Les ports doivent comprendre les évolutions du marché

Pour le précédent président du directoire du GPM de la Martinique, une autre réponse existe. Il s’agit d’adapter le marché en fonction de la contrainte climatique. « L’organisation des lignes maritimes dérive des contraintes règlementaires qui sont issues du changement climatique. Avec l’EU ETS, les réductions des gaz à effet de serre impactent les lignes. Les ports doivent comprendre ce mouvement. Ils doivent réconcilier un marché qui évolue avec des capacités propres pour construire un avenir durable. »

Construire un hub résilient

Par conséquent, les deux ports français caribéens, la Martinique et la Guadeloupe ont étudié ces évolutions. De son côté CMA CGM a décidé de mettre des navires plus grands. « Ils ont besoin de hub de transbordement. Nous avons dû choisir le bon endroit pour ce hub et qu’il soit résilient. » Et le choix a été de bâtir un hub bas carbone avec des boucles de courant comme les « smart grids » qui permettent de s’affranchir des réseaux.
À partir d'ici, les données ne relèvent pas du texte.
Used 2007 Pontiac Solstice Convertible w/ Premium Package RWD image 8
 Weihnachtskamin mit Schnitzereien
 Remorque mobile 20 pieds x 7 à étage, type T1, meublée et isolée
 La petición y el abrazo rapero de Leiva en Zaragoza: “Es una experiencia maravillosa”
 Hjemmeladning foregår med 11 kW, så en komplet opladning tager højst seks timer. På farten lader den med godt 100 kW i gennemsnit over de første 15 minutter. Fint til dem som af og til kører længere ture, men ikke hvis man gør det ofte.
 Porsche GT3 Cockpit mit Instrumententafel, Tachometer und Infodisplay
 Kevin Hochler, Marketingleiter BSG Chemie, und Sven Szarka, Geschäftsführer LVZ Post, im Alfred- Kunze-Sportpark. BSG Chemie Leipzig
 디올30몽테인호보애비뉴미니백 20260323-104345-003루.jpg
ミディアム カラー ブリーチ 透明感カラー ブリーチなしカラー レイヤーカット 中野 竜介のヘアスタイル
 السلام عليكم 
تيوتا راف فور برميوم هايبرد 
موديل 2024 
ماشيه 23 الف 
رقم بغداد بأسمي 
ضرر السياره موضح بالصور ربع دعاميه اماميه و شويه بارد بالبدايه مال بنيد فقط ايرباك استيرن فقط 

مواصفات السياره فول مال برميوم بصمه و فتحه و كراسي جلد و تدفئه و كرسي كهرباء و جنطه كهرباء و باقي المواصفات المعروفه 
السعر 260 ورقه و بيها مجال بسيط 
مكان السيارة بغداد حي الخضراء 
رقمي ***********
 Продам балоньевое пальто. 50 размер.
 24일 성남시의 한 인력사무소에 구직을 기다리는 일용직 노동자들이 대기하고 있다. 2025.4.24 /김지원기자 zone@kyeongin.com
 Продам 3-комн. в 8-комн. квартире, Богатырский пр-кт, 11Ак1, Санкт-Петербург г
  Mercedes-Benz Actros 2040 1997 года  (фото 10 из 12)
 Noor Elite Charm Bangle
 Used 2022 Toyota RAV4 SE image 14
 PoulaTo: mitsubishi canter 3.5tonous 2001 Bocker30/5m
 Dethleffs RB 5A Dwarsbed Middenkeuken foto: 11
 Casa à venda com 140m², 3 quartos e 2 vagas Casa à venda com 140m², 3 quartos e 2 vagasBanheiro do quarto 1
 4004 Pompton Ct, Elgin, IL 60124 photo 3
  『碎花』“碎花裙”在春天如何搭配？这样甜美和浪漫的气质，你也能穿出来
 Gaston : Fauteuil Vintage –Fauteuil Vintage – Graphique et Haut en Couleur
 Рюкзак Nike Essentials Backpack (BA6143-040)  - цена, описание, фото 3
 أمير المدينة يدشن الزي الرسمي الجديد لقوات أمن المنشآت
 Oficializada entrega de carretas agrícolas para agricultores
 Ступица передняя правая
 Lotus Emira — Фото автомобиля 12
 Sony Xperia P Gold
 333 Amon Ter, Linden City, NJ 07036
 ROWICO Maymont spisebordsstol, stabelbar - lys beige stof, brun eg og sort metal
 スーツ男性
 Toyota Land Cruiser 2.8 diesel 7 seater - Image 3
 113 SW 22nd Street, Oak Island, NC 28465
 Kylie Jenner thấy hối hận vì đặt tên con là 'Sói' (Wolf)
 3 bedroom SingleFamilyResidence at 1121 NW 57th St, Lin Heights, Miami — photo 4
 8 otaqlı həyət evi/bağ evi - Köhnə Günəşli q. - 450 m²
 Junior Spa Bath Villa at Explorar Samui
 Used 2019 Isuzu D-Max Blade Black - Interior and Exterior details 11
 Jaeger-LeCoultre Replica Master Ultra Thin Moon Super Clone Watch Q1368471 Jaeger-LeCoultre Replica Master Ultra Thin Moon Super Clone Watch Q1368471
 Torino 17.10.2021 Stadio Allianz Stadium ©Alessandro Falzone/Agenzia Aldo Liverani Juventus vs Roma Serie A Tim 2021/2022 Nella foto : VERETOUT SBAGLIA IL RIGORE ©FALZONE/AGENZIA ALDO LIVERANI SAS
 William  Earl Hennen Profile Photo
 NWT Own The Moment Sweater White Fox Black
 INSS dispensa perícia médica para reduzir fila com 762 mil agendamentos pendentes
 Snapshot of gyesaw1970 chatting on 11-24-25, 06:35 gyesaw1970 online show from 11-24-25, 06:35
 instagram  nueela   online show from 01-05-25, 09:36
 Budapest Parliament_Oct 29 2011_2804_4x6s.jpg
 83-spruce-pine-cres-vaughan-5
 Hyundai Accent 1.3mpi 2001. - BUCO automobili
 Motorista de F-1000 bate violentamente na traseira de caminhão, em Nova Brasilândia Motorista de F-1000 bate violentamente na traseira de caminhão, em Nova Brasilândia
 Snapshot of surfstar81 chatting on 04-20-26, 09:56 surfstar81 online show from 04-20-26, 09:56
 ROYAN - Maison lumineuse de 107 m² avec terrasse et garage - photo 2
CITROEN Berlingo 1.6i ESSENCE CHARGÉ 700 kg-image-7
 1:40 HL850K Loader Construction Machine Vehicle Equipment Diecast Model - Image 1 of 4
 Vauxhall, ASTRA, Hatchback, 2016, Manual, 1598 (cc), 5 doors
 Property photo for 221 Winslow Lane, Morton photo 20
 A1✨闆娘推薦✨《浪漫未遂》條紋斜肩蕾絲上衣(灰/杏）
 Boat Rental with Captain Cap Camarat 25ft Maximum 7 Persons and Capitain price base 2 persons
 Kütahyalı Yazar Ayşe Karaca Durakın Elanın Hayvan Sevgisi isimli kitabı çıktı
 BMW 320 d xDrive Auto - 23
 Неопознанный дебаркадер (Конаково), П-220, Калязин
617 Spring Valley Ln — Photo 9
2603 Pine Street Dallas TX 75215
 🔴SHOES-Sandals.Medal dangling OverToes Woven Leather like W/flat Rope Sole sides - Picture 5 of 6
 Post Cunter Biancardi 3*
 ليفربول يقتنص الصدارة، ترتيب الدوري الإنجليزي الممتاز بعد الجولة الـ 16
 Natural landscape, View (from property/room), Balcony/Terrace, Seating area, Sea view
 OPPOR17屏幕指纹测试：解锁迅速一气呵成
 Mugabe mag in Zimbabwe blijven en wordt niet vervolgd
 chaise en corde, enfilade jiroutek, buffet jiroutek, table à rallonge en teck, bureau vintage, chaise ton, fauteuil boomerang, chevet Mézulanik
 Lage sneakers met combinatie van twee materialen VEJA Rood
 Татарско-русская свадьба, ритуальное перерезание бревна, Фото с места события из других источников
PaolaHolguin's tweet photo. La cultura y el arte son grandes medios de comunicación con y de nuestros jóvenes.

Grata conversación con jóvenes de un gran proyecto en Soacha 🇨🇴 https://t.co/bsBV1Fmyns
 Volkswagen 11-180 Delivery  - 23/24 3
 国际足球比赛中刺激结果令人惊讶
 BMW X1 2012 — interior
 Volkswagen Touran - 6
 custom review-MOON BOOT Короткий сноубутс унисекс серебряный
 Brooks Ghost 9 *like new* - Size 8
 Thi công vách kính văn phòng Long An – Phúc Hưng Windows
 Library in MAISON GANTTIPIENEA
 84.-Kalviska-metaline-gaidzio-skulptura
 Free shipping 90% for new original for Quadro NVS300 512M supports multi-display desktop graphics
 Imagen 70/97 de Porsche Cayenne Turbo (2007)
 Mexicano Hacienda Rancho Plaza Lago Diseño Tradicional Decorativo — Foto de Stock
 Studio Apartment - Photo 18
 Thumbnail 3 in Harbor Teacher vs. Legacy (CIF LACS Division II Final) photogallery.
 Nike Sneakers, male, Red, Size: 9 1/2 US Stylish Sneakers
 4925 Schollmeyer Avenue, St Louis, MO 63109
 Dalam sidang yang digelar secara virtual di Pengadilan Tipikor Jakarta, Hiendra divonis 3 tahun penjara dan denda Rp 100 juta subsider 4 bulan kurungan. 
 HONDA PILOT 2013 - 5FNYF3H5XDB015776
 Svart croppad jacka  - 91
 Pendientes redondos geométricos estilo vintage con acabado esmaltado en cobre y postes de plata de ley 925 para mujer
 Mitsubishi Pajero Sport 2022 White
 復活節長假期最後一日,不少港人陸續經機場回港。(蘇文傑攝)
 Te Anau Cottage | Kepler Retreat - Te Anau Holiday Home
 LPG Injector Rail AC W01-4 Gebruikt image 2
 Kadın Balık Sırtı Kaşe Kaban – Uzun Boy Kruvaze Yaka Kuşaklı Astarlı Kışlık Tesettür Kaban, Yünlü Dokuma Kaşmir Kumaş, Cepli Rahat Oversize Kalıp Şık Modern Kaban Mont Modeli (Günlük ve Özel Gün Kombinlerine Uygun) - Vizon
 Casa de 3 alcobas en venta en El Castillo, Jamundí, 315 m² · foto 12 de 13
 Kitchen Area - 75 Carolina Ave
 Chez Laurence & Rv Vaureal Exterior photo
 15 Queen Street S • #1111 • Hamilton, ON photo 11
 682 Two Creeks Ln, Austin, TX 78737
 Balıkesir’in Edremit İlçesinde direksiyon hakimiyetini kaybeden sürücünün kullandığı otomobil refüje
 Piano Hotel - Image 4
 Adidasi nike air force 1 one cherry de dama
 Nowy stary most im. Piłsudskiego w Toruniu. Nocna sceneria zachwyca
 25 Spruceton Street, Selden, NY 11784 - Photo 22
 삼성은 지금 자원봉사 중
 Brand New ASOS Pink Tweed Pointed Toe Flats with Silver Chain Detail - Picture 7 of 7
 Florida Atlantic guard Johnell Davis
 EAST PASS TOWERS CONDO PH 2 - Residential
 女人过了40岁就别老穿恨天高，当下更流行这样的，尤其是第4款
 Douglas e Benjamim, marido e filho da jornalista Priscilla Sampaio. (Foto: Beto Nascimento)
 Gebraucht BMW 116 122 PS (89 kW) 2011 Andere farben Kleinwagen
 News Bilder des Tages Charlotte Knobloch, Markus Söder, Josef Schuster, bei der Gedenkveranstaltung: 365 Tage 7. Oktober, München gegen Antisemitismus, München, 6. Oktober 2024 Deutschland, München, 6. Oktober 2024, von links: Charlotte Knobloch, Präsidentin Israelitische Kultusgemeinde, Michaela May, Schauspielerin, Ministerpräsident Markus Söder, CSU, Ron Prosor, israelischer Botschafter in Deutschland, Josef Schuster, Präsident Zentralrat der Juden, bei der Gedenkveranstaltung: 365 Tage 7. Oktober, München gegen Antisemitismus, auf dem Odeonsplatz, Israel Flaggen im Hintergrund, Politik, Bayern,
Ainsi, en cas d’événement climatique important touchant la production électrique, le port continuera d’être opérationnel. Alors, le port pourra continuer de traiter les navires avec ses réserves électriques.

Réfléchir à l’environnement en prenant en considération l’économie

« La voie de sortie est l’expérience des ports ultramarins qui sont en avance sur ce sujet. Il faut construire des plates-formes qui soient au bon endroit, suffisamment solides pour résister à ces évolutions. Il faut réfléchir à l’environnement en prenant en considération les aspects économiques du marché. » Si les intervenants se montrent optimistes pour l’avenir, « c’est le sens du danger qui va nous faire bouger », a nuancé Jean-Rémy Villageois.